Federal Bank Ltd, is an Indian commercial bank in the private sector, headquartered in Kerala, having 1,282 branches and 1,885 ATM/ Recyclers with a loan book size of Rs.1,44,926cr.

• Advances grew by 9.5% YoY supported by growth in agriculture and SME advances.

• Total deposit grew 5.2% YoY with CASA account growing 15% YoY. CASA ratio improved to 36.9%.

• Net Interest Income improved 7.4% on a YoY basis while declined 0.9% sequentially due to margin contraction. NIM declined 11bps to 3.16%.

• Asset quality has seen improvement due to strong recovery and lower slippages which helped in bringing down the credit cost during the quarter to 0.27%.

• Provision Coverage Ratio (PCR) stood at 65.5% compared to 65.8% in Q3FY22.

• We maintain our Buy rating on the stock with a target price of Rs.105 based on 1.0x Adj.BVPS of FY24E.

 

Decent performance in business parameters

During Q4FY22, the bank’s advances grew by 9.5% YoY/2.8% QoQ led by SME book while the Retail segment grew by 6% YoY and Agri segment by 20%. As of Q4FY22, retail advances constitute 55% of the loan book while wholesale advances contribute 45%. Gold loan portfolio grew by 9.5%YoY/5.7% QoQ with an LTV of 69% and a yield of 11.07%. Total deposit witnessed a growth of 5.2% YoY/3.6% QoQ with CASA growing at 15%YoY. CASA ratio as on Q4FY22 stands at 36.94% showing an improvement of 26bps on a sequential basis. The bank expects advances to grow at 15% in FY23 supported by Fintech tie-ups.
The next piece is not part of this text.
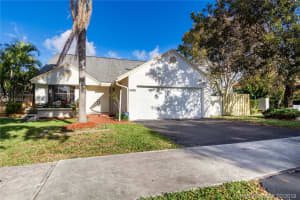 11039 SW 148th Ct, Miami, FL 33196, Sold 04/12/19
ROA for the quarter stands at 1.03% against 1.02% in Q3FY22 and ROE stands at 11.9% compared to 11.6%.

 

Lower provisioning offsets margin contraction

During Q4FY22, interest income has grown by 1.2% on a QoQ basis and 3.5% on YoY. Interest expenses grew by 0.6%YoY/2.9%QoQ as the cost of deposit increased from 4.27% in Q3FY22 to 4.28%. Resultantly, Net Interest Income increased 7.4% on a YoY basis while de-grew by 0.9% QoQ. Net Interest Margin of the bank declined to 3.16% from 3.27% last quarter due to lower yield and higher cost. Management expects NIM to be around 3.25% in FY23. Due to lower treasury income, other income of the bank de-grew by 4%. Cost to Income ratio increased to 59.8% as a result of elevated employee costs due to family pension expenses. As a result, the pre-provision profit of the company de-grew by 9.8% YoY and 12.7% QoQ. However, lower provisioning as a result of improved asset quality helped in registering PAT growth of 13.1% YoY and 3.6% QoQ

 

Higher recovery coupled with lower slippages

Bank witnessed lower slippages during the quarter at Rs.358cr, compared to Rs.442cr during the previous quarter. However, Agri segment witnessed higher slippages of Rs.147cr. The slippage ratio for the quarter improved to 0.99% from 1.19% in Q3FY22. Retail segment’s slippage ratio stood at 1.56% due to higher slippages in Agri segment while that of the wholesale segment stood at 0.34%. Bank has also marked recoveries to the tune of Rs.417cr. The collection efficiency of the bank stands stable at 95%. The GNPA ratio during the quarter was comfortably brought down to 2.80% showing an improvement of 26bps on sequential basis while NNPA improved 9bps to 0.96%. Provision Coverage Ratio stands at 65.54% compared to 65.80% during the previous quarter.

 

Outlook and valuation

Although bank’s performance was slightly disappointing in terms of advance and deposit growth, we believe in bank’s commitment to grow their book at 15% during FY23. Bank is expected to maintain its comfortable asset quality and expect it to improve its ROA going forward. We remain confident on the longterm growth story of the bank and expect valuations to improve from current levels. We maintain our Buy rating on the stock with a rolled forward target price of Rs.105 based on 1.0x Adj.BVPS of FY24E.